Here’s a short recap of good stuff at SIGGRAPH in Boston. While the conference itself was pretty focused on the technical or business aspects of computer graphics, there were some gems to be found, especially in the Emerging Technologies and Art exhibitions:
Tablescape Plus is a clever display technology that was developed at the University of Tokyo. It mainly consists of L-shaped pieces of plastic that are sitting on an illuminated table. On the upright side of each piece there is a perfectly planar projection that is coming from inside the table. The objects are being tracked from below as well. The trick is that its surface is actually a special Fresnel lens, a technology that the researchers fancied calling “Lumisty”. Especially cute was the demo software which was a projected group of people – Japanese salarymen and their boss. Depending on how you would arrange the pieces, the little people would get embarrassed or hide behind trees and much more.

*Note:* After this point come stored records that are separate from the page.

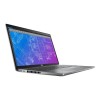 Dell Precision 3570 Intel Core i7-1255U 16GB 1TB SSD 15.6 Inch Windows 10 Pro Laptop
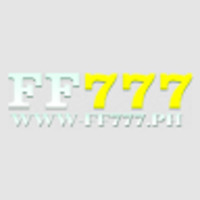 FF777 – The Ultimate Platform for Betting and Casino Enthusiasts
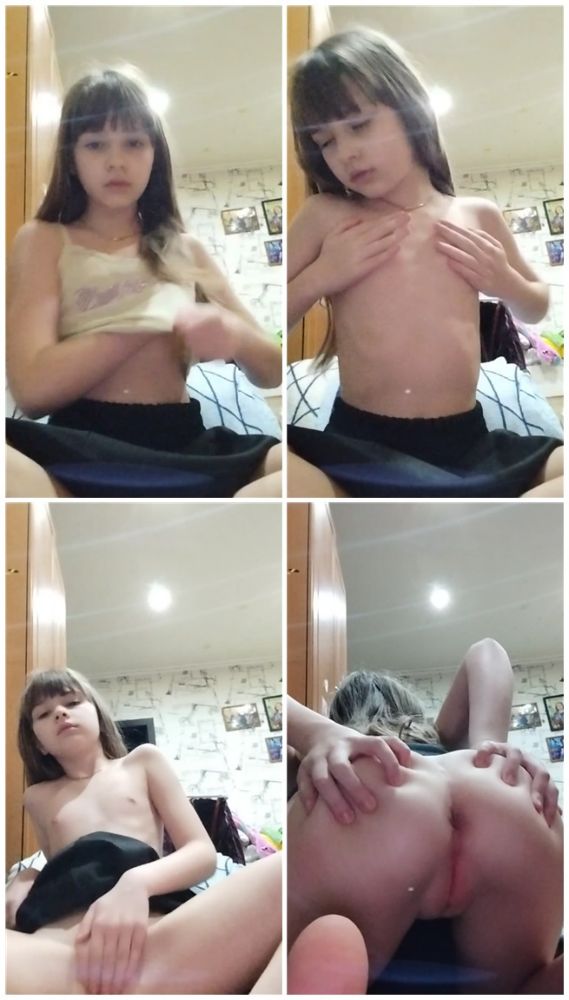 [Image: 1081-t52.jpg]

An interesting display technology was the Thermoesthesia that their makers also call a “Thermal sense display”. Beneath the projection surface there is a matrix of 24 heat pumps. When you touch the surface, you produce snow crystals or sparks, depending on the mode that the installation is currently in. The interesting thing is that the surface not only starts to visually freeze over but only gets icy to touch because of the heat pumps cooling down the respective spots. “A chance to rediscover the world” the researchers boldly claim.
Jeff Han exhibited his Multi-Touch display which is as simple and makes as much sense as in all of the videos on the web. Especially the dynamic map that you can spin around and zoom in and out works marvellously. Just don’t say “Minority Report” or he might hit you.
Jee Hyun Oh from Ravensbourne college in London showed the second iteration of her GORI.Node Garden (Here’s the first one) in which she advanced the original idea to be a collaborative rather than a personal data garden. During the conference, people could log on to her IM-system, chat with her and once the conversations had ended, they could chose which of the GORI-nodes to “water” which then would react and grow.
Another nice project from the UK was VoodooIO, a system that uses a soft, almost leathery surface, in which then different elements like buttons or sliders can be pinned. The controllers communicate through two layers of conductive fabric with their master computer that is also connected to the fabric. It’s a bit like you have this home entertainment system and instead of using a giant remote control you just pin a few buttons into your couch to control it.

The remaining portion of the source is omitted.